4 Replies to “Never Go Back!?”

  1. Hi Peter.
    Well now, should you go back? Tricky Question my friend.
    Yes, if its good memories. No, if not. You cant change the bad that happened, so why bother?
    Are we apt to see things through rose tinted glasses, when we return?
    All roads lead to Rome still. Its the verges and pavements that change!
    I did think that when I taught at my “old school” it would be the same.
    Disappointment, wont cover it! A Headteacher, with delusions of granduer. “Welcome back to these august portals of academia, old boy” was his greeting to me, as he shook my hand in a Masonic clasp.
    Jeez mate it was an inner city failing comprehensive.
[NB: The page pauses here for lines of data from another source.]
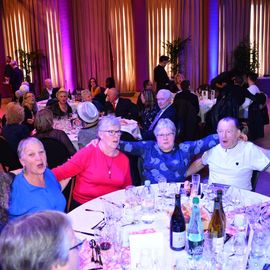 Danse ou spectacle, mais toujours autour d'un repas festif, 2 façons de se retrouver et commencer l'année dans la joie et la convivialité.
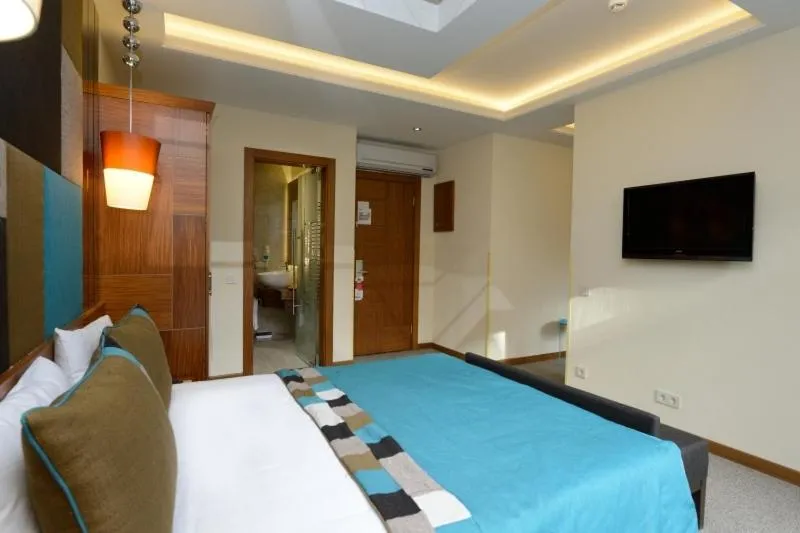 Toilet, Bed in Collage Pera Hotel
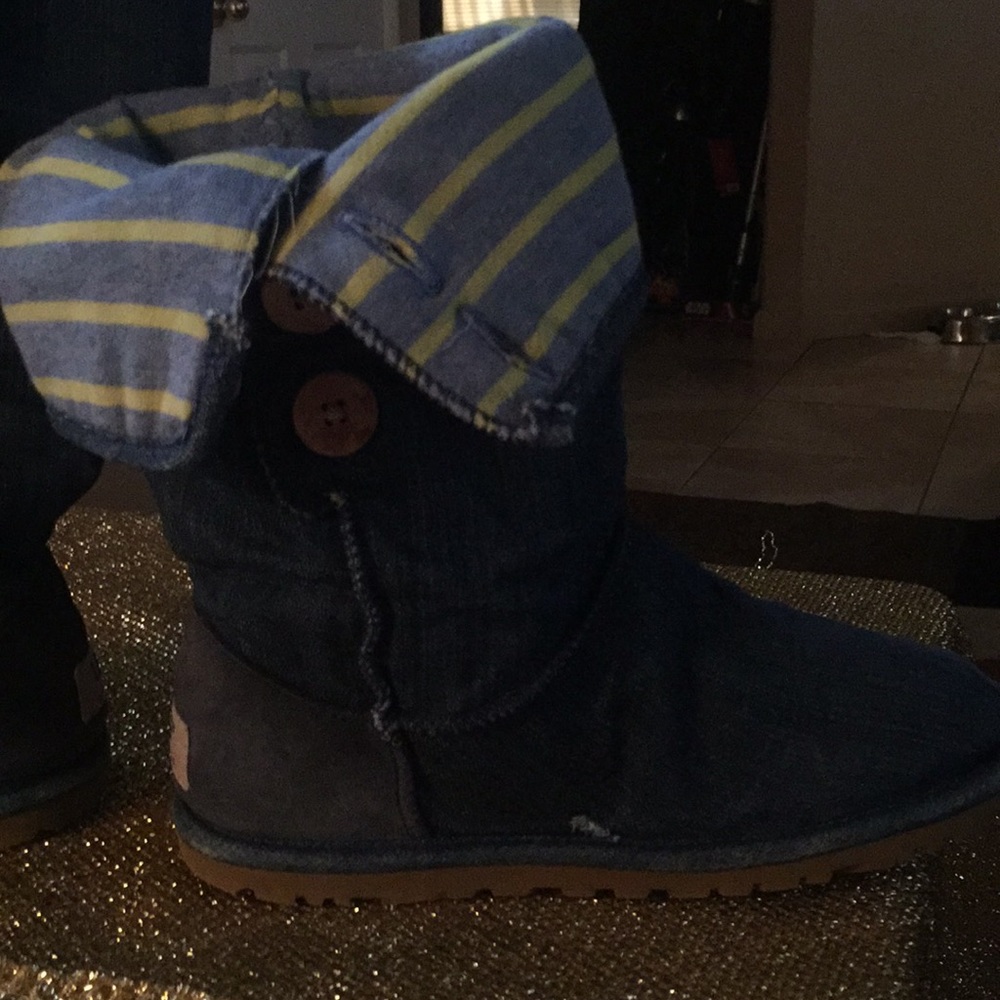 Ladies UGGS denim fold over - Picture 5 of 8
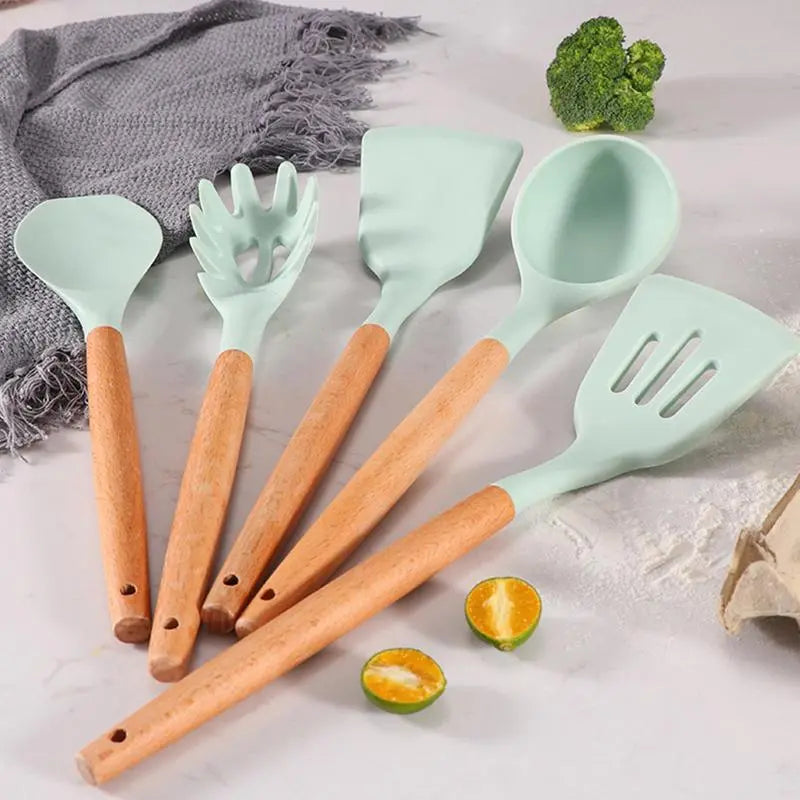 Silicone Kitchen Utensils Set Non-Stick Cookware For Kitchen Wooden Handle Spatula Egg Beaters Kitchenware Kitchen Accessories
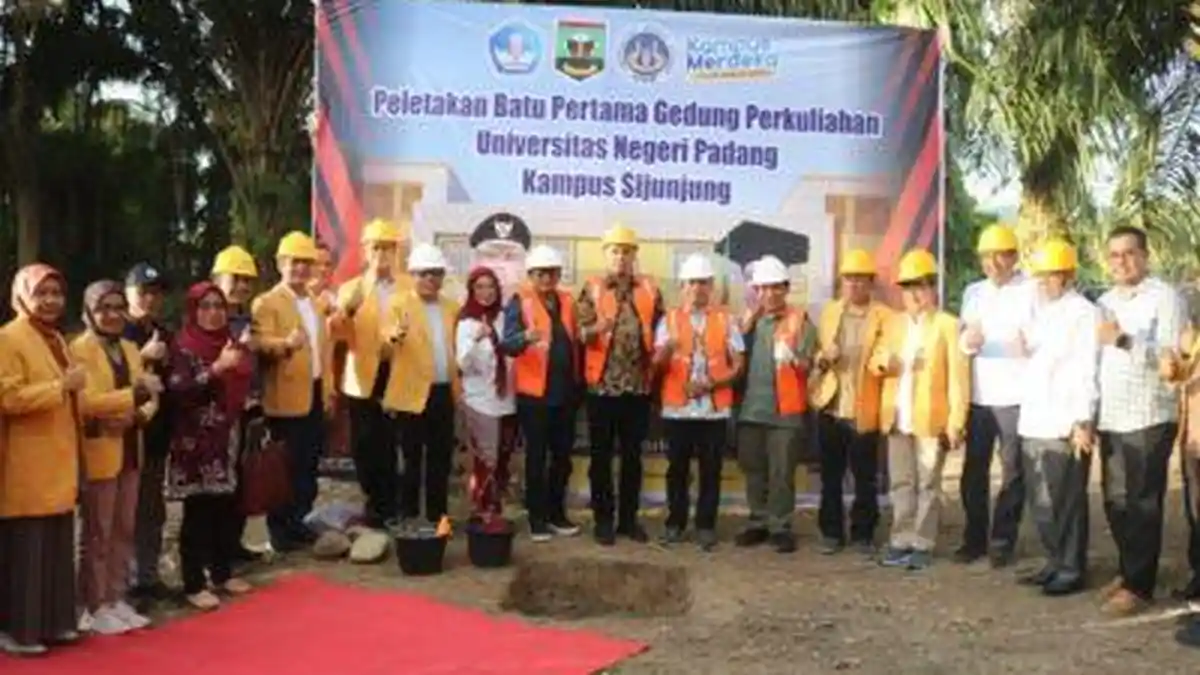 Peletakan Batu Pertama Telah Dilakukan, Gedung Perkuliahan Kampus UNP Sijunjung Resmi Dibangun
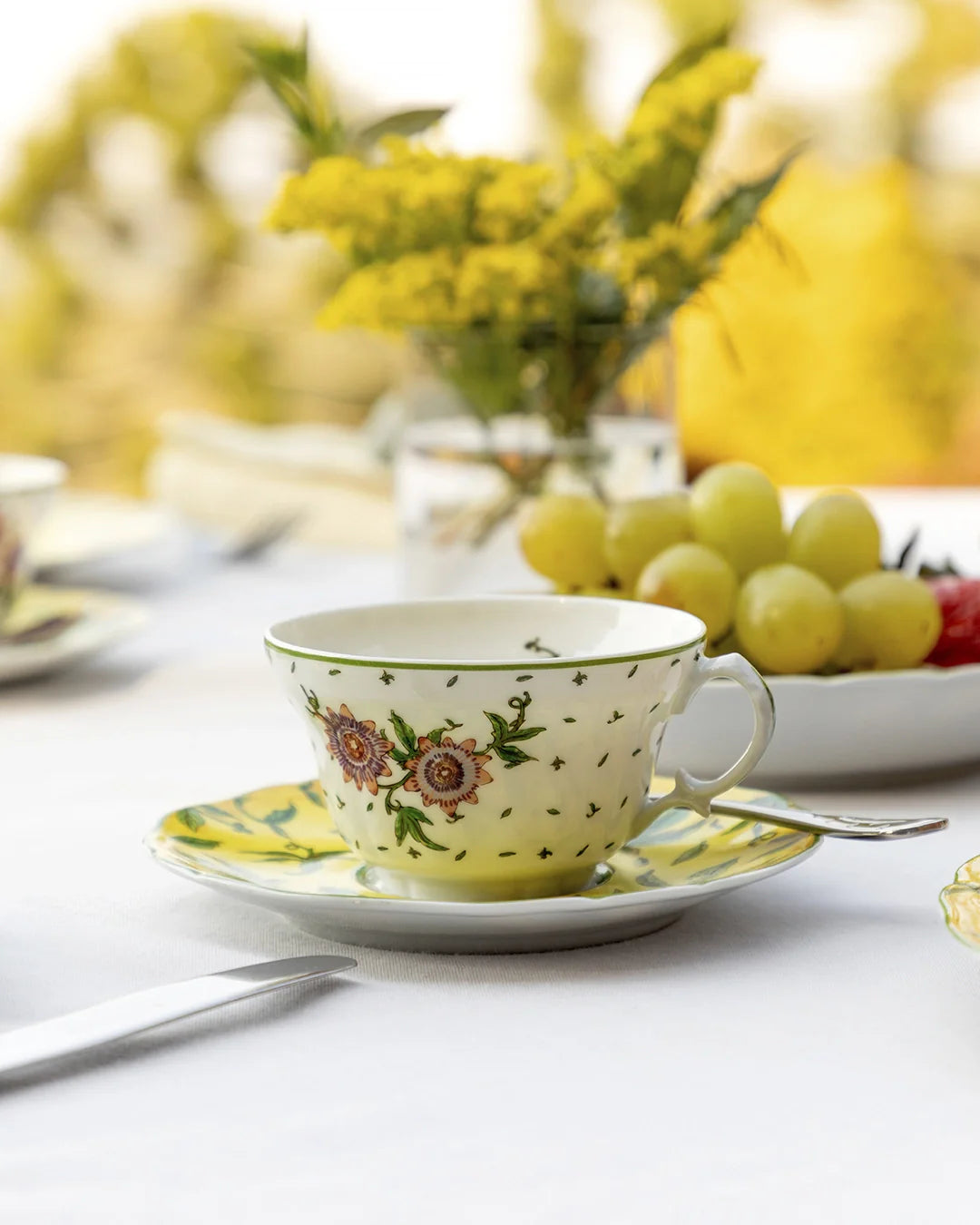 Tea Cup and Saucer Flor de Maracuja
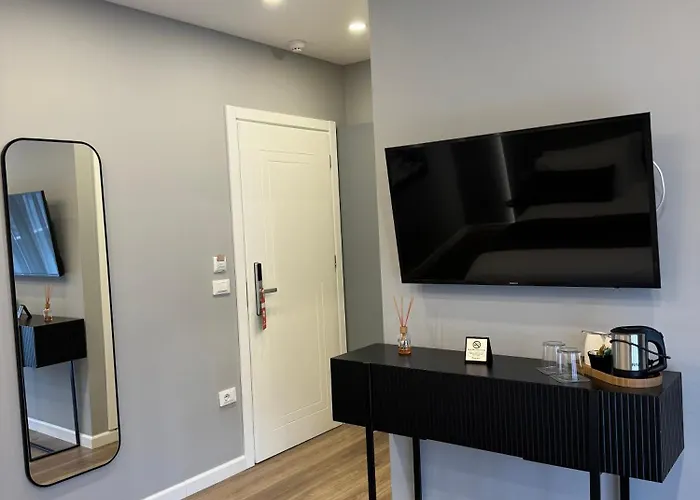 Szálloda L'hotel Tirana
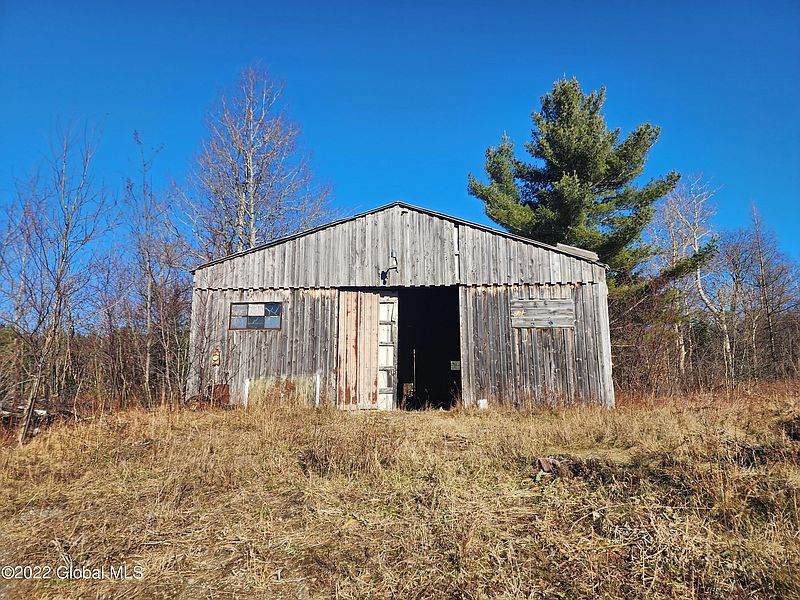 2nd image of 5184 Cascade Road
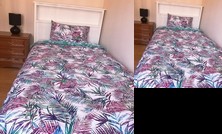 Homestay - 1 minute walking to buses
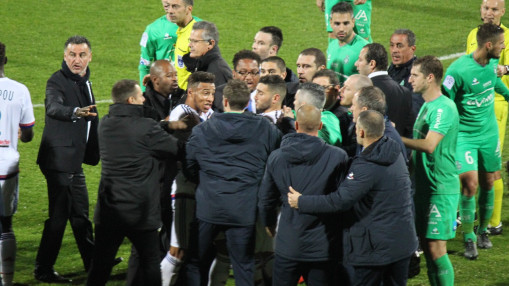 Mutilé par un engin explosif lors d'OL-ASSE en 2015 : une lourde amende requise contre l'employeur d'un stadier Mutilé par un engin explosif lors d'OL-ASSE en 2015 : une lourde amende requise contre l'employeur d'un stadier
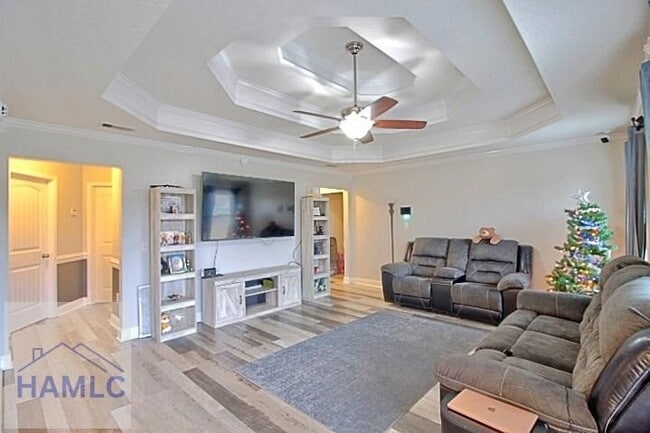 Foto del edificio - 77 Mancey Garrason Lp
It still is!
    Do you go back? Yes! However, it will have changed. Maybe for better or worse?
    ” Face value” is a useful commodity, if or when you do!
    Enjoyed the blog! Thank you.

    1. Going back is personal is it not, Martin. Always a risk perhaps but then it is not life threatening. Thanks for your wonderful comments as ever.

  2. Nice one, Peter. I choose to go back selectively. Let lesser memories be bygones, lustfully embellish the better ones.
    The older I get, the better I was.

    1. Ha! Yes Bruce but I suspect that Bruce Angus has created a lot of fond memories for a lot of people. “Selectively’ is the best way to be. Thanks for your comments and taking time to read.